**TASK DIRECTIONS:**
From the first line to the last, print the records exactly.
*** Opening of RECORDS ***
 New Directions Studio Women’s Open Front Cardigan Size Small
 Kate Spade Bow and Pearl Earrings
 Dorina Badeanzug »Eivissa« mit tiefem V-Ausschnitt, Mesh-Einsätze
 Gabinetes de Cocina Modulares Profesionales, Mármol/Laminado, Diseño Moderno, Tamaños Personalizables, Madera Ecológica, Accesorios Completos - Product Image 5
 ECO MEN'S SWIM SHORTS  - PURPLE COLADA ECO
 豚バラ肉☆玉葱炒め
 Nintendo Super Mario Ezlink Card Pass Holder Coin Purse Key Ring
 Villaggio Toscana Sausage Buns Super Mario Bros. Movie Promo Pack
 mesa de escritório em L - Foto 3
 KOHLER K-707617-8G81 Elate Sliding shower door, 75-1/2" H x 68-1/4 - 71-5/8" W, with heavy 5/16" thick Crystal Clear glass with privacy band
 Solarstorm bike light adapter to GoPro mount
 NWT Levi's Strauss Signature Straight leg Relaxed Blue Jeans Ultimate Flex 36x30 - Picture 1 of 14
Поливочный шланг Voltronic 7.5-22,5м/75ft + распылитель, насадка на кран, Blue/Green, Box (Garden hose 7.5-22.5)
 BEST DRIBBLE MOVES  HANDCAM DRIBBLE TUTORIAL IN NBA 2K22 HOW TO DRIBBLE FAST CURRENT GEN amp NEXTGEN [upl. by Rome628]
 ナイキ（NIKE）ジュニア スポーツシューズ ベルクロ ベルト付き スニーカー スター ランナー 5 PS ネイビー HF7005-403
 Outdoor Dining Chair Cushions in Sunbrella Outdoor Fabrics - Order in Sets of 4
*** Close of RECORDS ***
**FINISHED EXERCISE:**
 New Directions Studio Women’s Open Front Cardigan Size Small
 Kate Spade Bow and Pearl Earrings
 Dorina Badeanzug »Eivissa« mit tiefem V-Ausschnitt, Mesh-Einsätze
 Gabinetes de Cocina Modulares Profesionales, Mármol/Laminado, Diseño Moderno, Tamaños Personalizables, Madera Ecológica, Accesorios Completos - Product Image 5
 ECO MEN'S SWIM SHORTS  - PURPLE COLADA ECO
 豚バラ肉☆玉葱炒め
 Nintendo Super Mario Ezlink Card Pass Holder Coin Purse Key Ring
 Villaggio Toscana Sausage Buns Super Mario Bros. Movie Promo Pack
 mesa de escritório em L - Foto 3
 KOHLER K-707617-8G81 Elate Sliding shower door, 75-1/2" H x 68-1/4 - 71-5/8" W, with heavy 5/16" thick Crystal Clear glass with privacy band
 Solarstorm bike light adapter to GoPro mount
 NWT Levi's Strauss Signature Straight leg Relaxed Blue Jeans Ultimate Flex 36x30 - Picture 1 of 14
Поливочный шланг Voltronic 7.5-22,5м/75ft + распылитель, насадка на кран, Blue/Green, Box (Garden hose 7.5-22.5)
 BEST DRIBBLE MOVES  HANDCAM DRIBBLE TUTORIAL IN NBA 2K22 HOW TO DRIBBLE FAST CURRENT GEN amp NEXTGEN [upl. by Rome628]
 ナイキ（NIKE）ジュニア スポーツシューズ ベルクロ ベルト付き スニーカー スター ランナー 5 PS ネイビー HF7005-403
 Outdoor Dining Chair Cushions in Sunbrella Outdoor Fabrics - Order in Sets of 4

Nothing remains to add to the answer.